Saturday, February 19, 2011

Cultural Blunder #1: Folk is not the Folk you think it is

Well, it probably isn't my first cultural blunder (I tried to leave the apartment with wet hair, and even didn't wear socks with my slippers around the house. Both serious offenses), but certainly this one takes the cake thus far.
I introduced myself to a group of students at the Singidunum University (the private university in whose building we have our classrooms) as being interested in "folk" music. Not realizing that "folk" music means something completely different in this context. I later found out from my host sister Dejana that folk music means modern turbo-folk: about as far away from the kind of music I had in mind as I can get. Folk music here, she informed me, is called ethno or old national music. I certainly got some strange looks from the students--turbo-folk isn't considered high-brow from what I've gathered and is popular among certain sectors of society (and subsequently not popular among others)--especially when I explained how Mary Cay had been here in the 70's studying "folk" music. One student commented, but folk music in the 70's is different than folk music now. I guess I didn't really register how differently the traditions are labeled. whoops. oh well.

So now I know.
Dejana then spent almost an hour illustrating the difference between folk and village music with me--and, well, I think I've got it now. But now I feel like I've inadvertently presented myself to these students as something entirely different from what I am. oh well. Some clarification will be necessary. This probably also helps explain why I've had such a hard time finding the music I was looking for.
Mary Cay has also put me on the track of finding some folk dance--something I was having difficulty finding on my own.

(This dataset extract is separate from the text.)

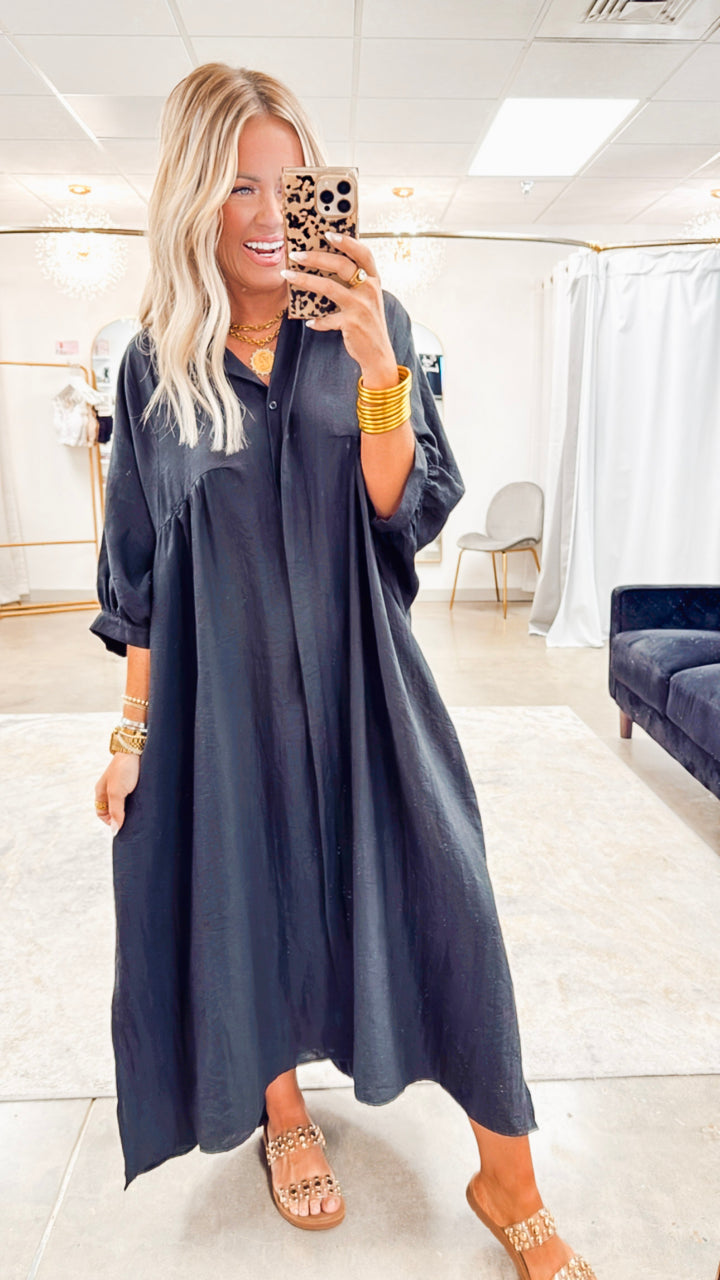 The Haven High-Low Shirt Dress-Black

I'm also finding that my village music background has equipped me with quite a strange vocabulary--do I know how to say "where is this bus going?'--well not really. but can I say "my sweet fawn, where are you" or "two quinces" (what the hell is a quince anyways?)--actually yes. perhaps not exactly the most practical vocabulary, but it's vocabulary none-the-less.

Aside from this, things have been going really well.
This week was our first full week of classes, next week we are heading out to Vukovar, and I think this will really start to make some of the things we're learning about clear(er). It's been a lot of theoretical discussion about identity, memory, nationalism. Yugoslav history. We're starting to get into discussing how we should start conceptualizing our Independent Study Project (from here on out the ISP). Thinking about the ISP is getting really exciting because there's a plethora of things I would love to study while I'm here.

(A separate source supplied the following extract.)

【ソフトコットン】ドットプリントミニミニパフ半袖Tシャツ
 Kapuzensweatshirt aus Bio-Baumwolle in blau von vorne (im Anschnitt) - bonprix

We visited the Museum of Yugoslav History, which, oddly enough, doesn't really have anything to do with Yugoslav history (or at least not yet, they're still trying to define themselves as an institution, and more importantly add to their collections). The fame of the museum is that they house the House of Flowers--formerly part of Tito's compound where he met with his mistresses and where he is buried. They also have his entire collection of gifts, from both domestic and international communities. The workmanship on the gifts was remarkable, and to me, spoke of the degree to which Tito was revered by people within Yugoslavia. It was also really interesting to me that Yugoslav history--or at least where the museum is right now--really revolves around Tito. He is the history. I hadn't quite understood the scale of Tito before visiting the museum, and now it's starting to make sense. Or at least I'm getting it better. One of my first nights, my host sister pulled out a book ("It was honest to live with Tito"), and told me it was my host mother's graduation present when she (my host mother, not my sister) graduated. And Marica added, but it was so honest to live with Tito.

 Our entrance
 there's a school in the middle of the Block: it's set up in a rectangle, you can see the gymnasium in white, directly in front of our building.

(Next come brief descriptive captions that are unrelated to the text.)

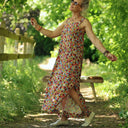 Robe Sybille — Viscose jardin Majorelle - Quintessence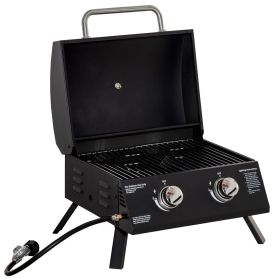 Outsunny Outdoor Portable Tabletop 2 Burner Propane Gas Grill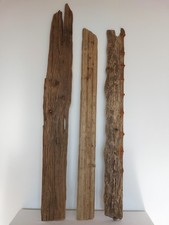 Treibholz 3 XXL Bretter dünn Altholz Holz Brett L 103 - 117 cm Basteln DIY Deko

Sorry for the bulky inclusion of pictures: this is my neighborhood: Block 23. The first picture is of my entrance, but as you can see, it really could be anywhere in this complex. A few days ago, I thought, for just a moment, that I might have entered the wrong entrance--I was in a hurry and someone was going out as I was coming in so I didn't have to unlock the front door--and as I was walking up the stairs I was trying to figure out-do I recognize this place? It turns out it was my building, but for a moment I wasn't so sure. 

I'm hoping to meet up with the OTPOR folks--(check out this news story from Foreign Policy if you're interested http://www.foreignpolicy.com/articles/2011/02/16/revolution_u?page=full), I'm feeling really busy here--but not active. if that makes sense. We have class basically all day (although I think the schedule is still being settled into), and while the classes are really interesting, I don't quite yet feel productive. just absorbing life here. I know that'll change once we start moving--and the fact that we travel so much might make volunteering somewhere difficult, but I guess I'm just not used to not being so involved in goings on around me. and I'd like that to change.